REMBANG – Mondes.co.id | Kecemasan melanda ratusan keluarga di Rembang. Pasalnya, sejak 1 Juni 2025, pabrik semen PT Semen Gresik di Kecamatan Gunem menghentikan produksi sementara.
Akibatnya, 478 pekerja outsourcing terpaksa dirumahkan. Jika tak ada solusi hingga Juli, jumlah pekerja yang terdampak diprediksi akan terus bertambah.
Bupati Rembang, Harno, baru-baru ini mengakui bahwa upaya penanganan yang dilakukannya belum membuahkan hasil.
Ia sudah bertemu dengan Kepala Desa Tegaldowo, Kundari, Camat Gunem, Kastari, serta menerima penjelasan dari pihak PT Semen Gresik.
“Saya sudah mengundang berbagai pihak, kira-kira seminggu yang lalu terkait hal itu,” terang Harno.
Bupati Harno mengungkapkan dirinya sempat menawarkan beberapa opsi, namun belum ada kesepakatan.
“Sudah saya sampaikan semua, kuncinya ada di pihak desa atau Pemdes Tegaldowo,” tegasnya, mengindikasikan bahwa bola panas penyelesaian masalah ini ada di tangan Pemerintah Desa Tegaldowo.
Penghentian produksi ini bermula dari penutupan akses jalan Brumbung menuju lokasi tambang PT Semen Gresik oleh Pemerintah Desa Tegaldowo.
Penutupan ini didasarkan pada kepemilikan sertifikat tanah yang diakui sebagai aset desa.
Dua kali persidangan di PTUN Semarang dan PTTUN Surabaya telah menguatkan bahwa jalan tersebut memang milik desa.
Menurut Kepala Desa Tegaldowo, Kundari, keputusan penutupan ini sesuai dengan hasil musyawarah desa (Musdes).
“Sesuai hasil musyawarah desa (Musdes) Tegaldowo, PT Semen Indonesia apabila ingin memanfaatkan aset desa harus sesuai dengan peraturan perundang-undangan yang berlaku, yakni UU tentang desa, Peraturan Mendagri, serta Peraturan Bupati,” jelas Kundari.
Penutupan jalan ini berdampak vital. Truk-truk besar berkapasitas 30 Ton yang seharusnya mengangkut bahan baku tak bisa keluar masuk, membuat pasokan terhenti dan memaksa pabrik menghentikan operasionalnya.
Pihak PT Semen Gresik (dahulu Semen Indonesia Group/SIG) menjelaskan bahwa saat pembebasan tanah untuk Izin Usaha Pertambangan (IUP) pada tahun 2017, status jalan tersebut adalah tanah negara bebas dan belum bersertifikat.
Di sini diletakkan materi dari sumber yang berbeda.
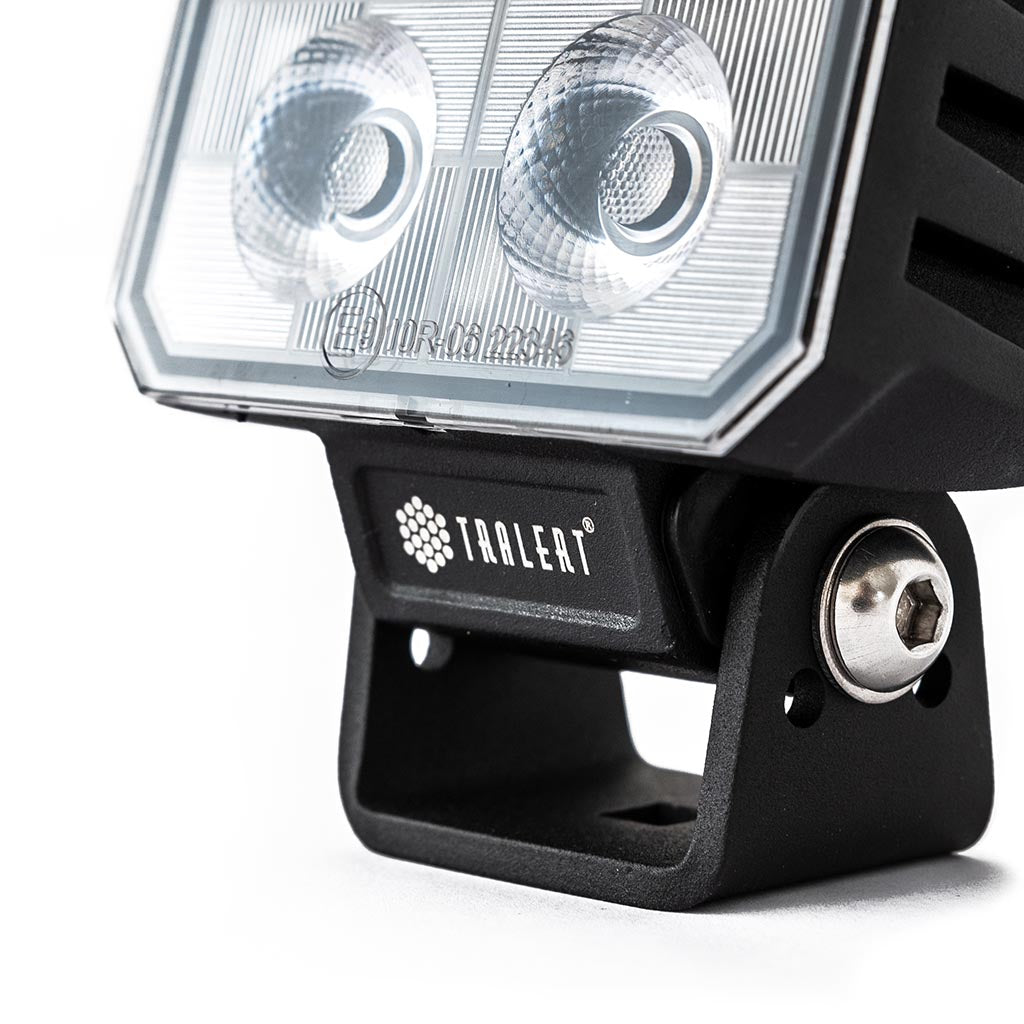TRALERT WF-4038V square LED work light - mounting bracket detail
Namun, pada 4 Juli 2017, Pemdes Tegaldowo mengajukan surat ke SIG, mengklaim jalan di dalam IUP dan menuntut kompensasi sebesar Rp1,5 miliar per tahun.
Pada tahun 2020, sempat ada kesepakatan tertulis, di mana Pemdes Tegaldowo mendukung pengajuan hak atas tanah jalan oleh SIG.
Namun, pada Mei 2024, muncul sertifikat hak pakai jalan sebagai aset desa, diikuti dengan surat dari Pemdes Tegaldowo kepada Pj Gubernur Jawa Tengah untuk mengeluarkan jalan tersebut dari IUP.
SIG mengajukan keberatan kepada BPN, namun ditolak. Audiensi dengan berbagai pihak pun tak kunjung menemukan solusi.
Akhirnya, pada 16 Agustus 2024, SIG mengajukan gugatan kepada BPN Rembang melalui PTUN Semarang untuk mendapatkan kepastian hukum.
Di tingkat PTUN dan Pengadilan Tinggi Tata Usaha Negara, penerbitan sertifikat tersebut dikuatkan. Kini, gugatan tersebut berlanjut ke tingkat kasasi.
Dengan nasib ratusan pekerja yang menggantung dan dampak ekonomi yang semakin membesar, semua mata tertuju pada penyelesaian sengketa jalan ini.
Apakah ada harapan bagi pekerja yang dirumahkan dan kapan pabrik Semen Gresik Rembang bisa kembali beroperasi?